Punkie Night: A Somerset Spectre’s Tradition
Punkie Night: A Somerset Spectre’s Tradition
When the last Thursday of October descends upon Somerset, the air grows chill and the fields of the West Country whisper with an ancient song.
For on this night—Punkie Night—children parade through the lanes, their faces lit by the flickering glow of hollowed roots.
They chant a haunting refrain that echoes through the darkness:
"It’s Punkie Night tonight,
It’s Punkie Night tonight,
Adam and Eve would not believe,
It’s Punkie Night tonight."
No soul can say for certain how this eerie rite began.

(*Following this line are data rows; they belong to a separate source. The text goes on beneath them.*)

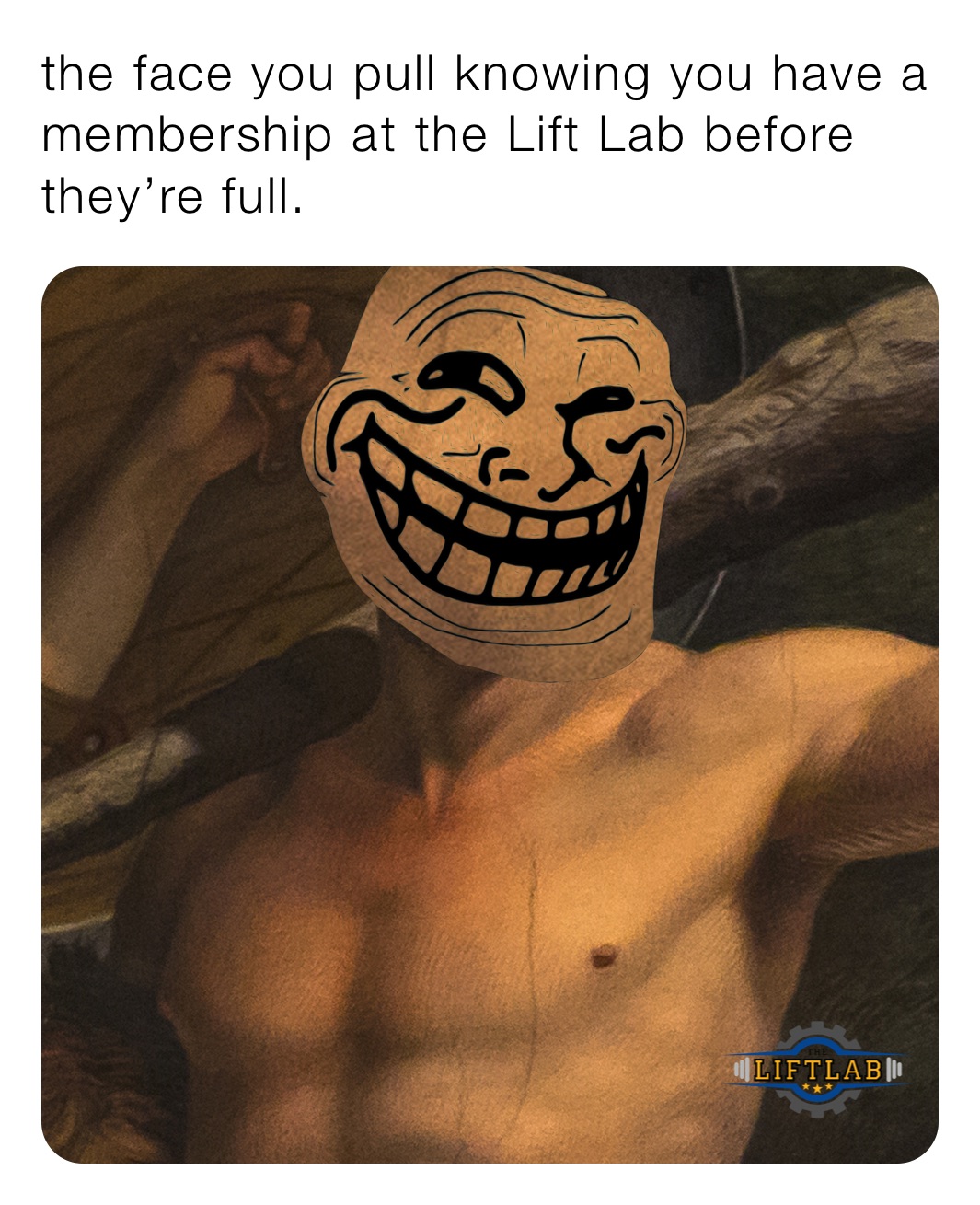 the face you pull knowing you have a membership at the Lift Lab before they’re full. 
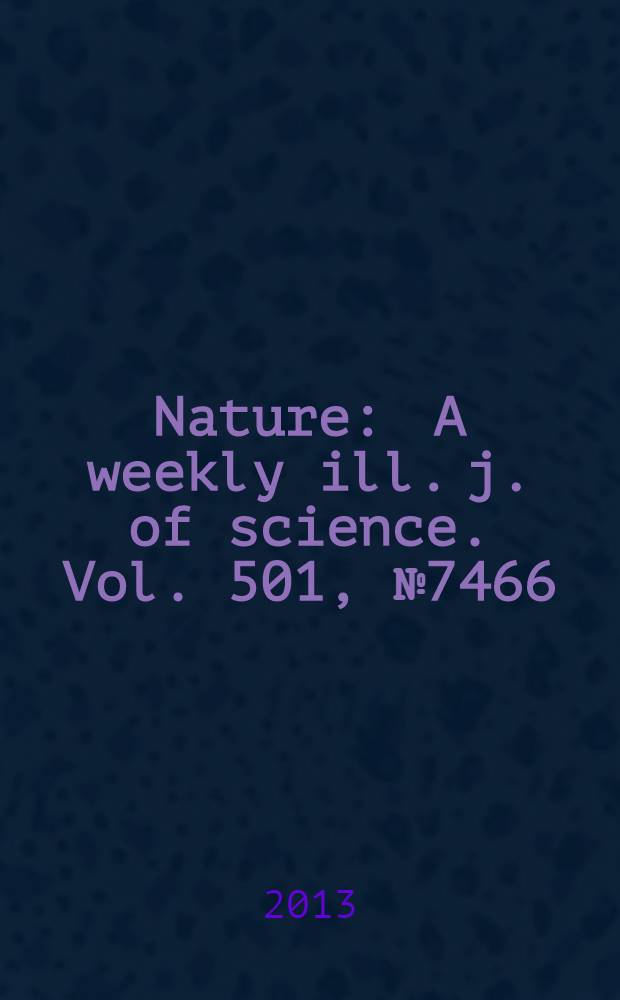 Nature : A weekly ill. j. of science. Vol. 501, № 7466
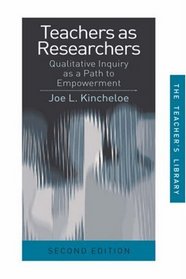 Teachers as Researchers: Qualitative Inquiry as a Path to Empowerment (Teacher's Library)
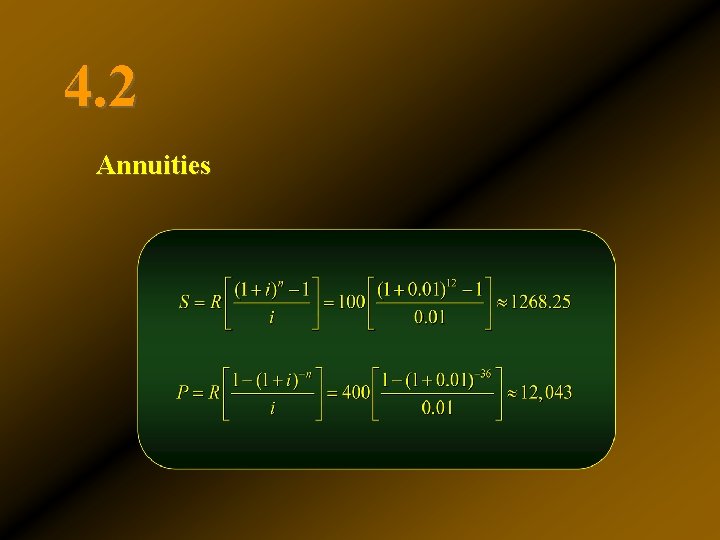 4. 2 Annuities 4. 2 Annuities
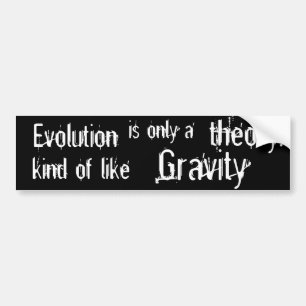Evolutie is slechts een theorie die lijkt op zwaar bumpersticker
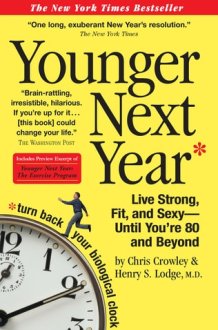 Younger Next Year: Live Strong, Fit, and Sexy--Until You're 80 and Beyond cover image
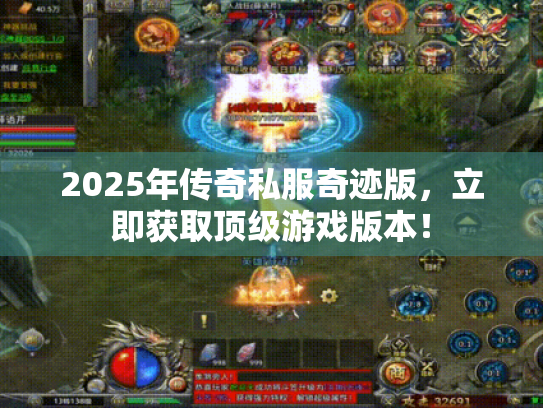 2025年传奇私服奇迹版，立即获取顶级游戏版本！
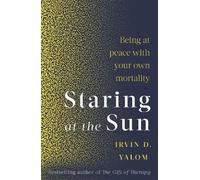 Irvin D. Yalom Staring At The Sun (Tascabile)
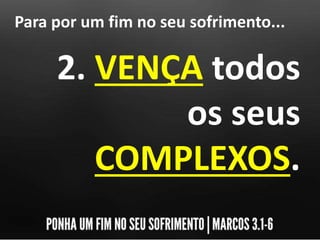 Para por um fim no seu sofrimento...
2. VENÇA todos
os seus
COMPLEXOS.
 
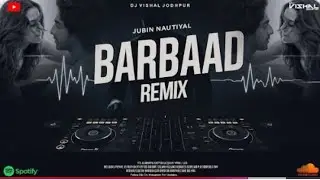 Barbaad Song Remix - DJ Vishal Jodhpur | Saiyaara | Jubin Nautiyal | Latest Bollywood Remix 2025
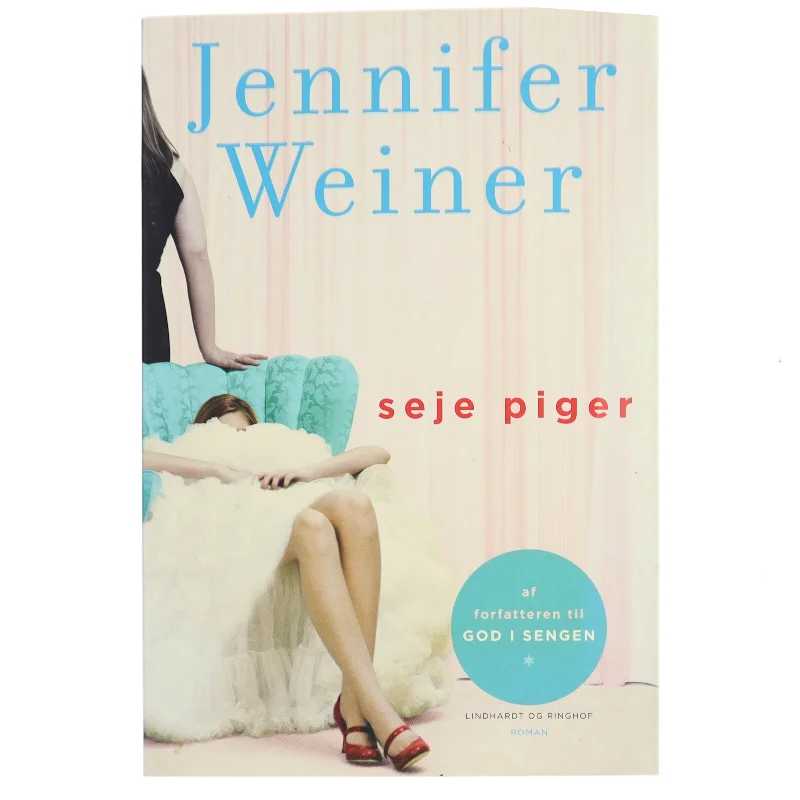 Seje piger af Jennifer Weiner (Bog)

Some claim it is bound to Hallowe’en itself, that night when the veil between worlds thins.
The word “Punkie”—an old English name for a lantern—hints at the light that defies the shadows.
But unlike the modern pumpkin, these lanterns were once carved from swedes or mangel-wurzels, their twisted grins glowing from pale, gnarled flesh.
Others whisper that Punkie stems from punk—tinder that sparks fire—perhaps a clue to the old ways now half-forgotten.
Across the centuries, the custom has glimmered in many places: upon the windswept crest of Castle Neroche in the Blackdown Hills, through Long Sutton, and most enduringly, in Hinton St George and Lopen, where the night still belongs to the Punkies.
The Legends Behind the Lanterns
Local lore tells of the men of Hinton St George, who would vanish to the fair at nearby Chiselborough, returning home drunk and stumbling through the black October night.
To find their way, they set candles within hollowed roots, their makeshift lights bobbing eerily in the mist.
Yet some tales turn the story on its head.
They say it was the women who carved the lanterns—fashioning Punkies from the harvest’s remains—and went searching for their wayward husbands.
Some even knocked at doors, begging for mangel-wurzels and candles, their plea giving birth to the Punkie Night song that still drifts through village lanes.
Others tell that when the drunken men glimpsed those ghostly lights, they mistook them for spirits or “ghoulies,” fleeing home in terror—proof that even the living may be haunted by their own folly.
Though cloaked in folklore, the roots of Punkie Night stretch much deeper—a flicker of Samhain’s ancient fire, carried down through the centuries.
It is a night when the old world breathes again, when lanterns gleam like souls in the dark, and the West Country remembers that not all lights are meant to guide the living.